“Girl”, un film di Lukas Dhont, la recensione

Girl (id, Belgio, 2018) di Lukas Dhont con Victor Polster, Arieh Worthalter, Oliver Bodart, Tijmen Govaerts, Katelijne Damen

Sceneggiatura di Lukas Dhont, Angelo Tijssens

Drammatico, 1h 45′, Teodora Film, in uscita il 27 settembre 2018

Voto: 7½ su 10

Lo strazio del corpo sotto una duplice lente, inteso come gabbia per il proprio essere e come supporto incapace a sostenere lo sforzo artistico: Girl, abbagliante esordio cinematografico del ventiseienne Lukas Dhont, già salutato a furor di critica con la Caméra d’or nella sezione Un certain regard e il Premio FIPRESCI all’ultimo Festival di Cannes, è la cronaca di un percorso adolescenziale strenue e logorante, quello di Lara, che a quindici anni sogna di diventare una étoile. Le sue giornate sono segnate dalla dura disciplina della danza classica, una routine sfibrante fatta di affanni, sudore e piedi sanguinanti. Eppure il suo fisico fatica a rispondere al bisogno di perfezione che il ballo impone. Forse perché Lara è nata maschio, e soffre irrimediabilmente questa condizione. 

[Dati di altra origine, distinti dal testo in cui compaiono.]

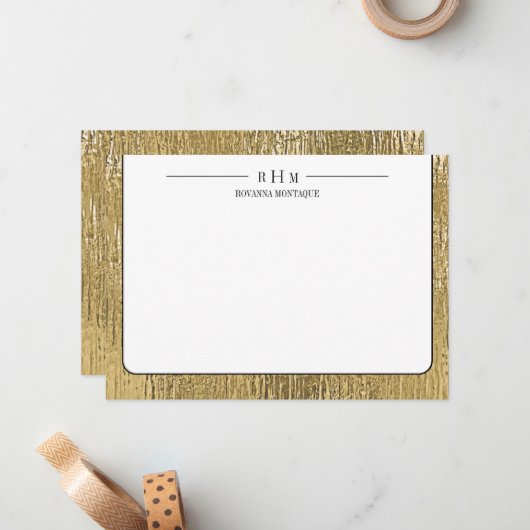 Luxury Gold Black Texture Lined Name Three Initial Mitteilungskarte (Vorderseite/Rückseite Beispiel)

54866Lara è interpretata con mirabile scandaglio emotivo e impressionante modulazione di gesti e comportamenti dal giovanissimo Victor Polster, un miracolo di casting per un ruolo estremamente insidioso e a rischio di banalizzazione. Sul volto efebico dell’attore (e ballerino) passano le emozioni trattenute e gli ardori dell’età di transizione per eccellenza, filtrate dal disagio, spesso umiliante, del vivere in un corpo estraneo alla propria natura. Lara, che prima di uscire si comprime i genitali col nastro isolante, camuffa con malinconici sorrisi un’esistenza sofferta dalla quale vuole fuggire con impazienza, pur conoscendo i rischi della terapia ormonale già intrapresa con i medici. Questa sua insistenza verso la vita che merita è uno dei risvolti più intensi di una sceneggiatura rispettosa ed equilibrata, che non cede mai il passo alla facile morbosità.

La regia di Dhont non lascia respiro allo spettatore e alla sua eroina, la stringe in primi piani serrati mentre danza vorticosamente durante le prove, piroetta dopo piroetta, quasi a volerla inseguire nella sua dolorosa e inesorabile rinascita verso la femminilità. Il risultato è un film asciutto e dalla metafora potente, tra i migliori di sempre a indagare il delicatissimo tema della sessualità transgender.